A verbatim copy is needed of the lines below from the one containing "Certified 2025 MAZDA" up to and including the one containing "SOON2DLE 為女士的微笑刺繡火車上下設置", excluding pictures.

* Given records
________

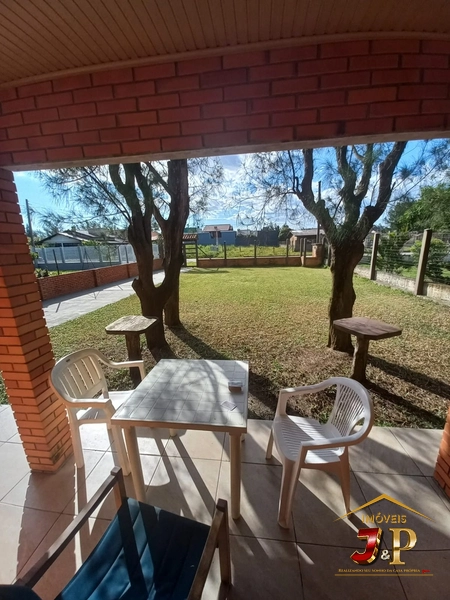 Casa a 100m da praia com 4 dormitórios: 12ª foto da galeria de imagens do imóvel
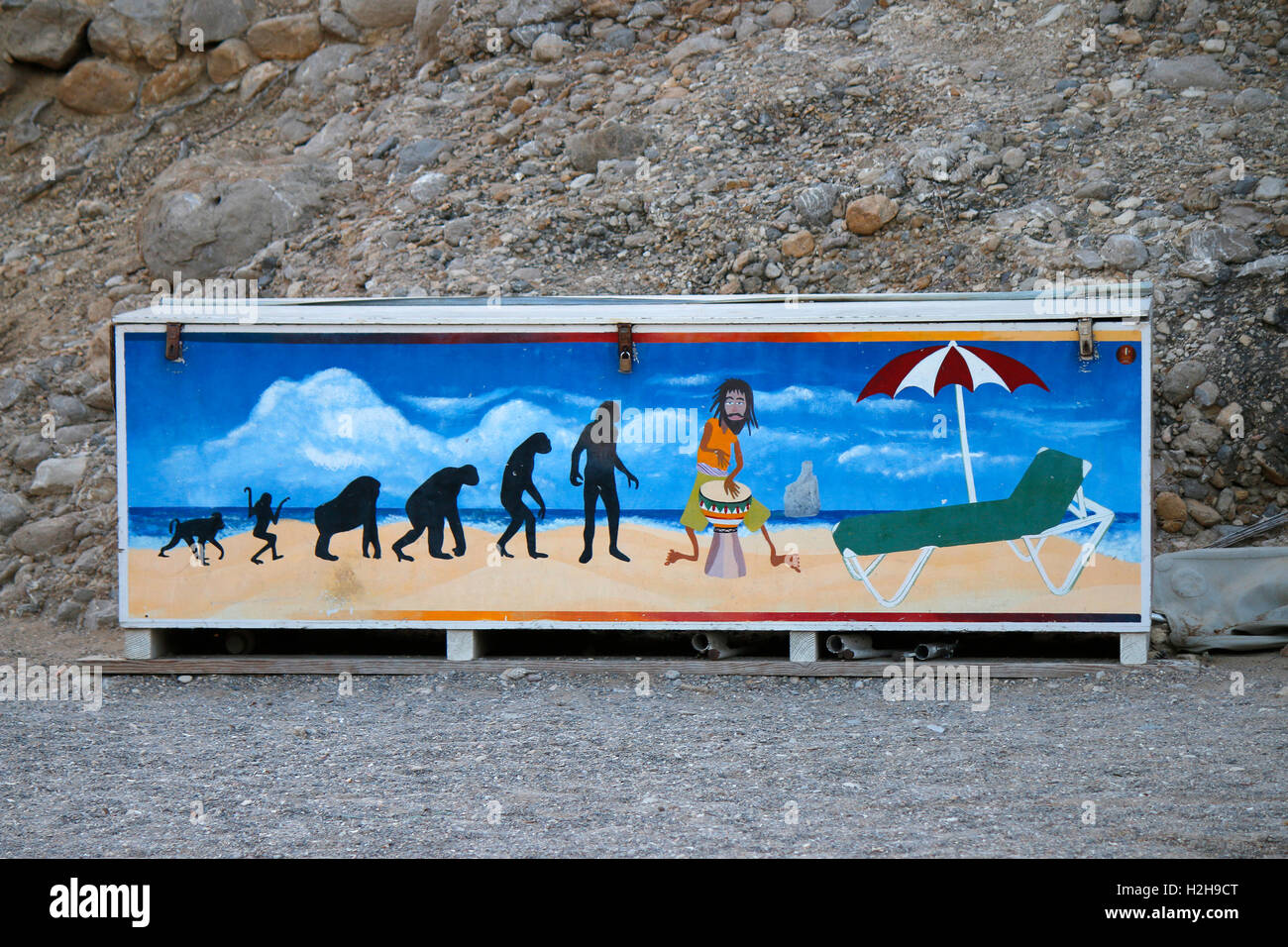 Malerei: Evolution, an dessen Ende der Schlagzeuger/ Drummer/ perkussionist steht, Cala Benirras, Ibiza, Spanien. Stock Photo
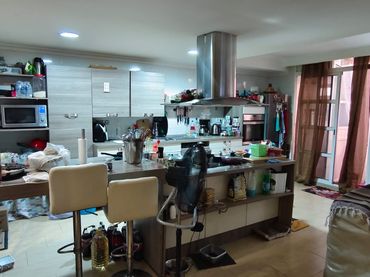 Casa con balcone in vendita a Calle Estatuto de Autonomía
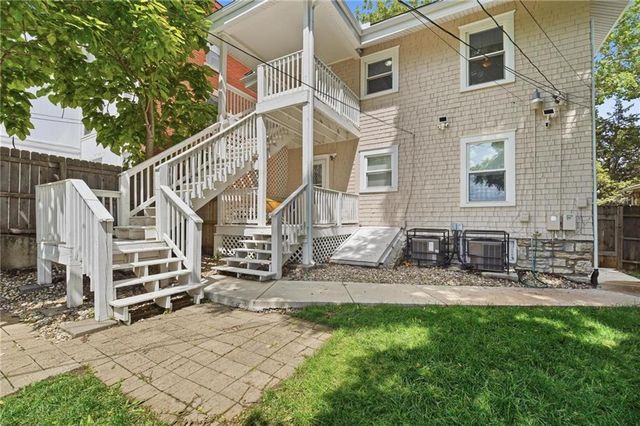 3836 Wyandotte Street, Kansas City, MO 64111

________

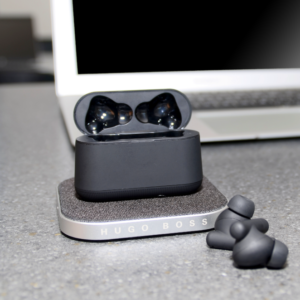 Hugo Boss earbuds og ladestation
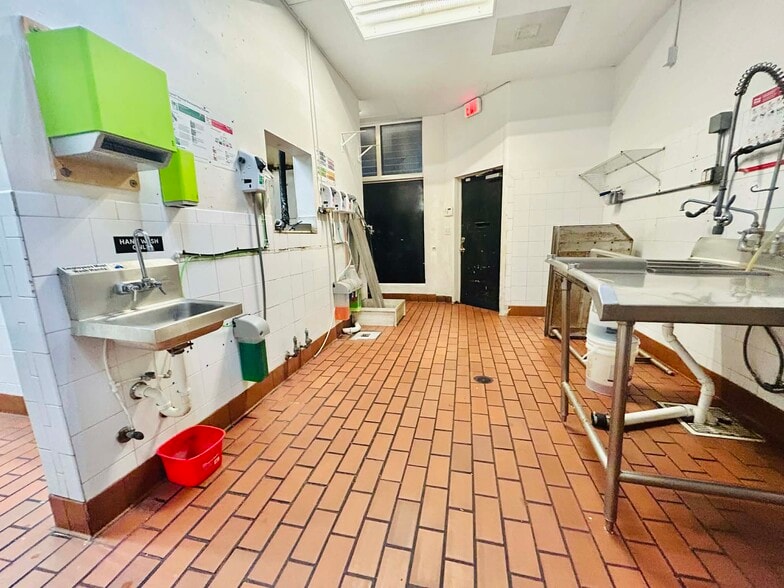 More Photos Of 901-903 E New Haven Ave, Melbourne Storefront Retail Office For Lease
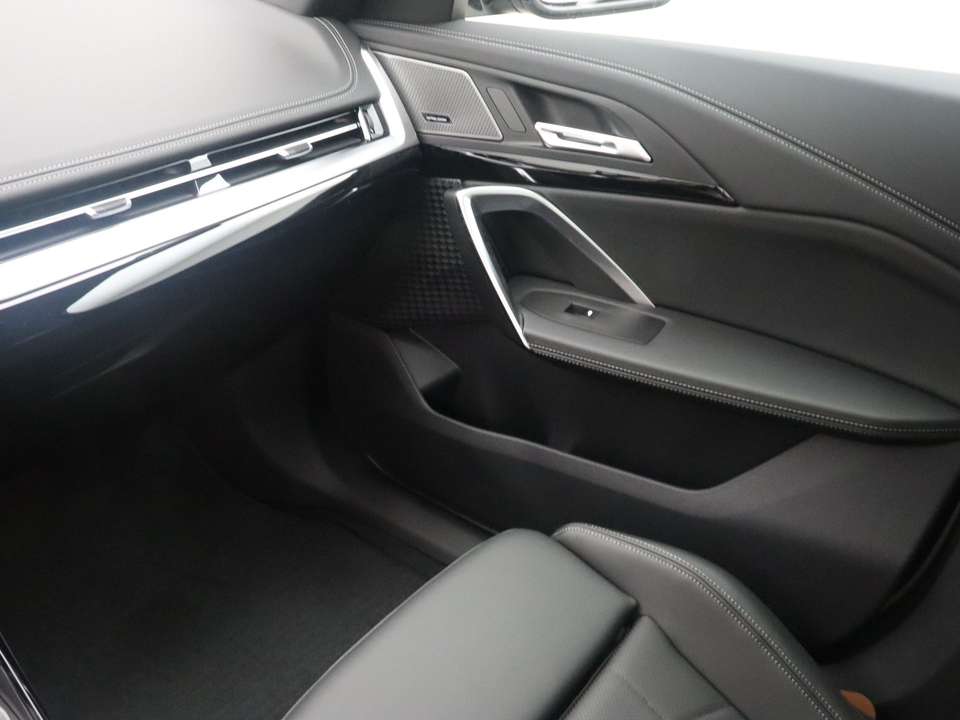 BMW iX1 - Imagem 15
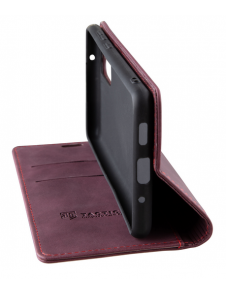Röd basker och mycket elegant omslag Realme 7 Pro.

________

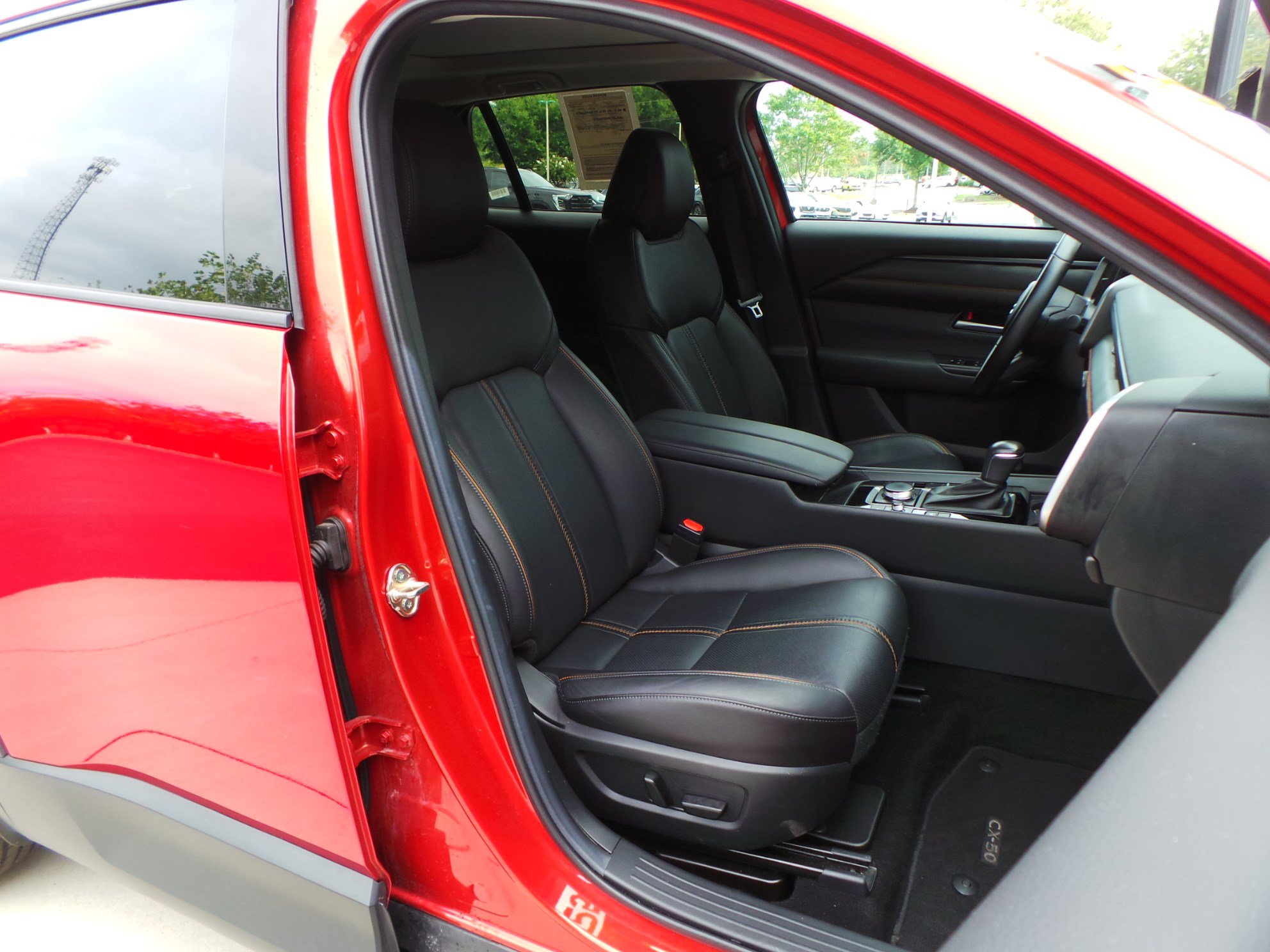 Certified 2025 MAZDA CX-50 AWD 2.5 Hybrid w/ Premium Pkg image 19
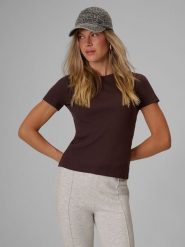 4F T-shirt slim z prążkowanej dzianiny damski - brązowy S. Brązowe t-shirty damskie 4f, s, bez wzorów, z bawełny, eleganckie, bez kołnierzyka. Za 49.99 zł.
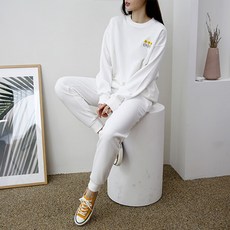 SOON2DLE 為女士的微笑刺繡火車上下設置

________

* Problem solution
 Certified 2025 MAZDA CX-50 AWD 2.5 Hybrid w/ Premium Pkg image 19
 4F T-shirt slim z prążkowanej dzianiny damski - brązowy S. Brązowe t-shirty damskie 4f, s, bez wzorów, z bawełny, eleganckie, bez kołnierzyka. Za 49.99 zł.
 SOON2DLE 為女士的微笑刺繡火車上下設置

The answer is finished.